→ **What is expected**: Transcribe all of the data exactly. Images stay out.

→ **Data below**:
====
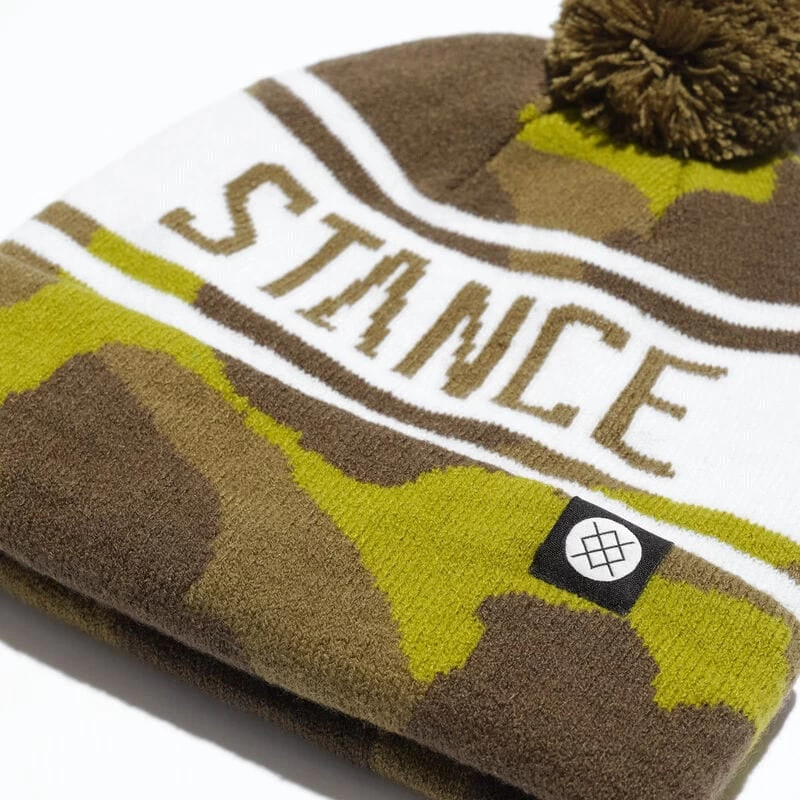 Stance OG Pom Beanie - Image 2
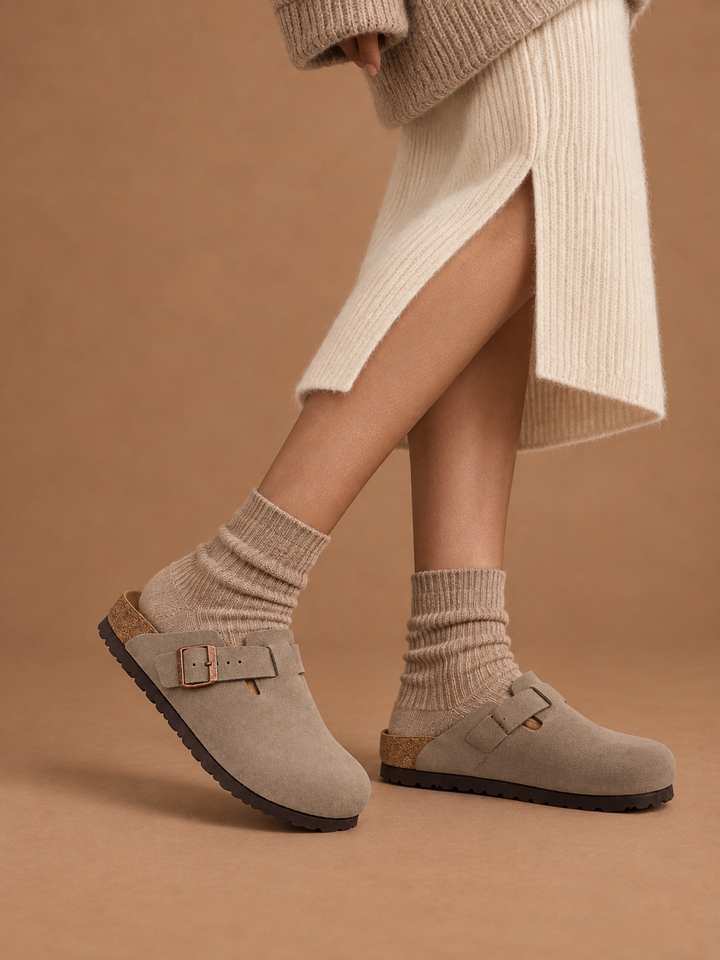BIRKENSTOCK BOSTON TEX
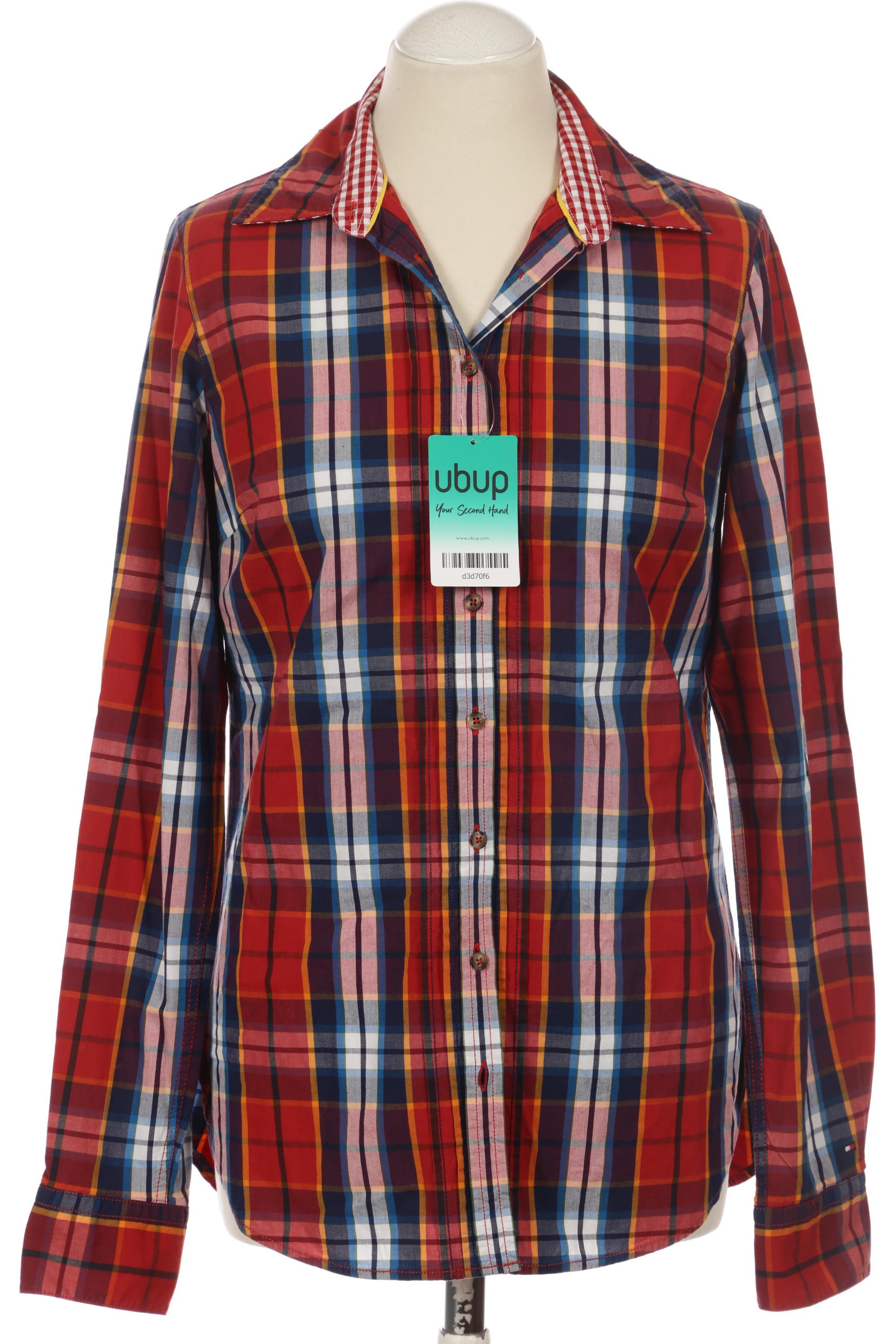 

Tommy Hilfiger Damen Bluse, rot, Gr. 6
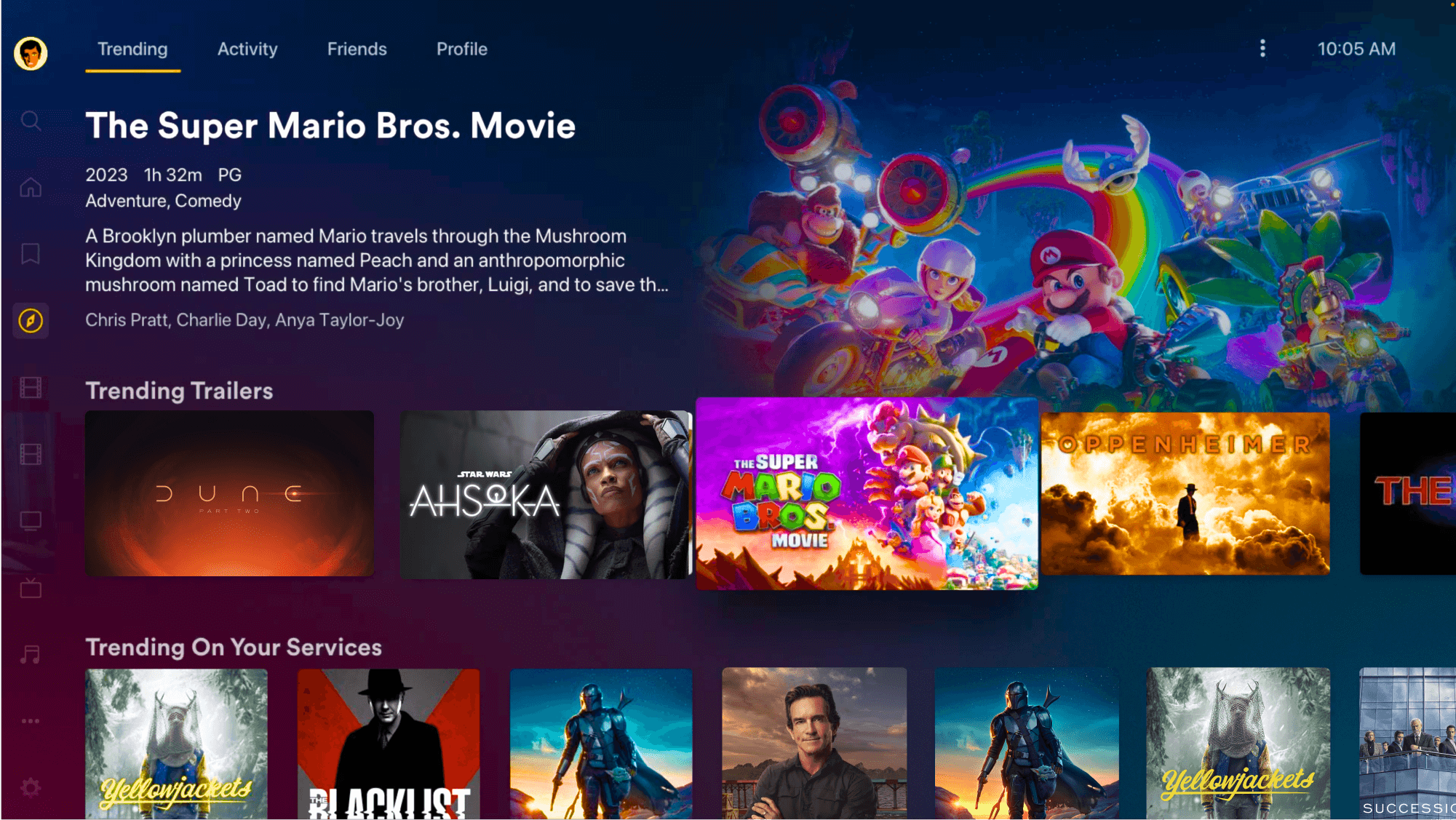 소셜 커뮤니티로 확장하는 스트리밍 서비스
====
→ **Exercise output**:
 Stance OG Pom Beanie - Image 2
BIRKENSTOCK BOSTON TEX

Tommy Hilfiger Damen Bluse, rot, Gr. 6
 소셜 커뮤니티로 확장하는 스트리밍 서비스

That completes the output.